When you're a sports celebrity, you do things normal people do already and get all sorts of credit for it: cook your own meal, blog, and add one random ingredient to a regular ol' cheeseburger and call it your own.
We do the last part at home, except with a sauce so secret no one bothers to ask about it (hint: it's mayonnaise and ketchup). When you're a Dolphin, on the other hand, you do the same, add an extra slice of cheddar, slap a couple jalapeños on it, and save the children while you're at it.
That's what's happening at Stop Burger in Weston with the new Jason Taylor Burger, a "lean, mean, All-American gourmet burger built by NFL/Miami Dolphins star Jason Taylor himself."
Sadly, that doesn't mean JT is sweating away in the back placing your tomatoes juuuust so, but it does mean that he picked out a couple toppings and Stop Burger is giving 50% of the net proceeds from sales to the Jason Taylor Foundation.
(Considering it might prompt a few people to drive to west Broward, they oughta rename it the "Miracle Burger.")
But it begs the question: what if other Dolphins got in on the act? Would there be a Joey Porterhouse that's more sauce than satisfaction?
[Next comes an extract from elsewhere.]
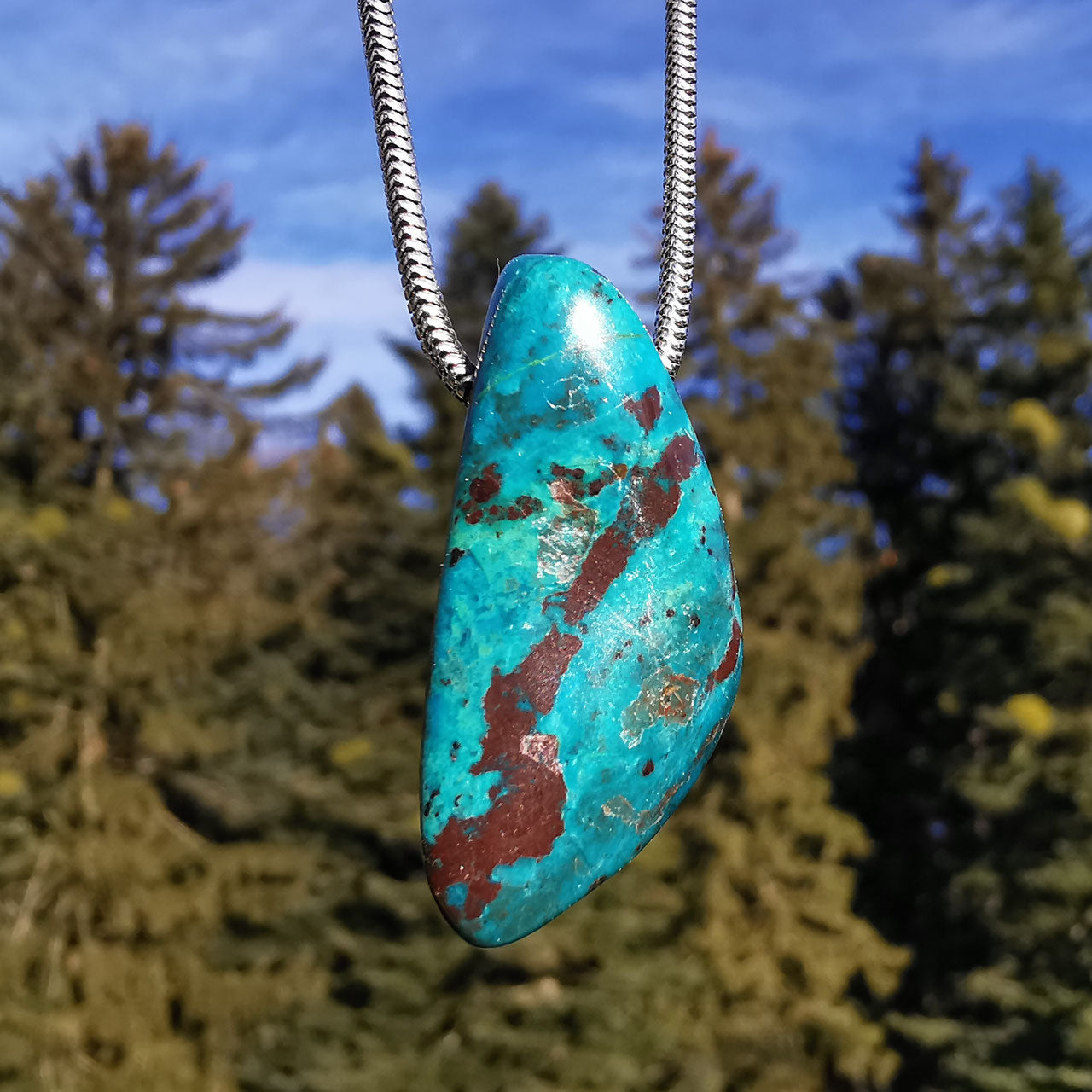 Chrysocolla drilled with leather strap (2)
Would it automatically come with a hair in it? Or would his be made with tongue?
The Chad Henne, of course, would look really tasty only to come out a little rare; the WildPattie would be delicious; and the receivers' creations would never make the menu because they'd taste as bland as their makers.
Ricky Williams would hide a pile of herbs under his bun (or ask to do a brownie dessert instead), and Jake Long's would be constructed of eight patties, 400 slices of cheese, and 11 toothpicks -- so here's hoping this comes to fruition.
The only one we wouldn't eat? The Parcells Tuna Melt. No one likes the metallic aftertaste that accompanies food make with an iron fist.